**WHAT YOU HAVE TO DO:** There is one span to output from the data below: the lines starting at the line with "Fototapeta premium A" and ending at the line with "24OZ RECTANGULAR BLACK". Output it exactly, ends included, nothing more.

**THE DATA:**
------------------------------------

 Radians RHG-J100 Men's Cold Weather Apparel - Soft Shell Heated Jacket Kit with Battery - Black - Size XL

------------------------------------

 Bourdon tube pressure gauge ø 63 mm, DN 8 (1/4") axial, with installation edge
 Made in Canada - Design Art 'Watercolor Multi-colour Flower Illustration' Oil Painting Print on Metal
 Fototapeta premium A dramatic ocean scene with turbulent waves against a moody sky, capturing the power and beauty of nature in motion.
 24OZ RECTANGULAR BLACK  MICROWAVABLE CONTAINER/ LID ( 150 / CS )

------------------------------------

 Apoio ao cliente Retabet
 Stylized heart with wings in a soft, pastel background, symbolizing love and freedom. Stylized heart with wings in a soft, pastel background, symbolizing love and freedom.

------------------------------------

**RESPONSE FOR THIS EXERCISE:**
 Fototapeta premium A dramatic ocean scene with turbulent waves against a moody sky, capturing the power and beauty of nature in motion.
 24OZ RECTANGULAR BLACK  MICROWAVABLE CONTAINER/ LID ( 150 / CS )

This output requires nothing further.